CHATTANOOGA, Tenn.—The United Auto Workers lost its second attempt to organize workers at Volkswagen’s Chattanooga plant, by a slightly narrower margin than the vote the union lost in 2014.
The vote, which took place June 12-14, was 833-776 against representation by UAW Local 42. The union lost the 2014 vote by a 712-626 margin.
The UAW said that Volkswagen gained extra time to hammer in an anti-union message from its legal challenges that delayed the vote. “The company ran a brutal campaign of fear and misinformation,” organizing director Tracy Romero said in a statement released by the union. “Fear of the loss of the plant; fear of their participation in the union effort; fear through misinformation about the UAW; fear about current benefits in contract negotiations. Over a period of nine weeks—an unprecedented length of time due to legal gamesmanship—Volkswagen was able to break the will of enough workers to destroy their majority.”
The union also called for changes in federal labor laws and National Labor Relations Board rules and procedures, saying they “made it almost impossible for Volkswagen workers to form a union.”
“Our labor laws are broken,” said UAW spokesperson Brian Rothenberg. “Workers should not have to endure threats and intimidation in order to obtain the right to collectively bargain. The law doesn’t serve workers, it caters to clever lawyers who are able to manipulate the NLRB process.”
Rothenberg said that system enabled the company to get away with refusing to recognize the union formed by the about 160 skilled-trades workers in 2015, and that discouraged potential union supporters. “Even when they voted, the company refused to bargain,” he said.

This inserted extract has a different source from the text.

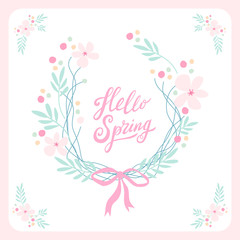 Cute rustic hand drawn Easter wreath of spring flowers with hand written text Hello Spring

While the UAW represents workers at General Motors factories in Spring Hill, Tennessee, and Arlington, Texas, and at Daimler and Freightliner truck plants in North Carolina, a victory at Volkswagen would have made the Chattanooga factory the first foreign-owned auto-assembly plant in the South to go union. It remains VW’s only nonunion factory in the world. The UAW lost a vote at Nissan’s plant in Canton, Mississippi in 2017. It also formed a local at the Mercedes-Benz plant in Vance, Alabama in 2014, but never got as far as an election. In 2016, a federal appeals court ruled that the company had illegally interfered with union organizing.
The UAW had been trying to organize the Chattanooga plant, which opened in 2008, for several years. Workers narrowly rejected it in 2014, after a campaign in which several powerful state politicians, including Sen. Bob Corker, insinuated that the plant would close or lose state tax incentives if they voted yes, and that VW would have it produce more vehicle models if they stayed nonunion.
In December 2015, the skilled-trades workers voted to form a “micro-unit” represented by Local 42. They said they qualified as a separate bargaining unit on the grounds that because they maintain the plant’s machinery, their work is distinct from that of general production workers. But Volkswagen refused to recognize the union, saying it would only negotiate with a union representing the entire workforce.
The National Labor Relations Board ruled in the union’s favor, but VW appealed. When the UAW decided to mount another campaign to organize the whole plant this year, it dropped its bid to have the micro-unit recognized. Volkswagen countered that the appeals process should have to play out on that issue before the full plant could be allowed to vote.
The company, said Rothenberg, “insisted that maintenance and production vote together. So, three years later maintenance and production ask to vote, and VW stands in their way.”
On May 3, the NLRB delayed the vote indefinitely, but a few weeks later, it agreed to schedule it for June 12-14.
VW, officially neutral in the 2014 campaign, vehemently attacked the UAW this time around. It hired the union-busting law firm of Littler Mendelson.
It also held several captive-audience meetings in which company executives and Tennessee Gov. Bill Lee urged workers to vote against the union, praising the company’s “direct relationship” with workers. Plant CEO Frank Fischer falsely blamed the UAW for the 1988 closing of Volkswagen’s previous U.S. plant, in Pennsylvania. Supervisors handed out flyers blaming the UAW for other plant closings, and Southern Momentum, an anti-union group run by a local lawyer, put out ads with the same accusation.
When the vote began June 12, the company barred Johan Järvklo, an election observer from its Global Works Council, according to Labor Notes.
“Works councils” are a German system in which representatives of the IG Metall union work with management to resolve production issues, separate from union representation. They are illegal under U.S. labor law unless agreed to in collective bargaining by a bona fide union.
By law, VW workers will have to wait one year before making another formal effort to organize the plant, the UAW said. Rothenberg told LaborPress it was “too soon” to say whether it would try to revive the skilled-trades micro-unit.
“Chattanooga workers drove this. Will have to see,” he said in an email.
“Ultimately this has always been about Chattanooga workers who are the only VW workers, in the world without a union,” Local 42 Chairman Steve Cochran said in the UAW statement. “If people wonder why the middle class is disappearing in this country, it’s because it is nearly impossible for workers to get access to collective bargaining.”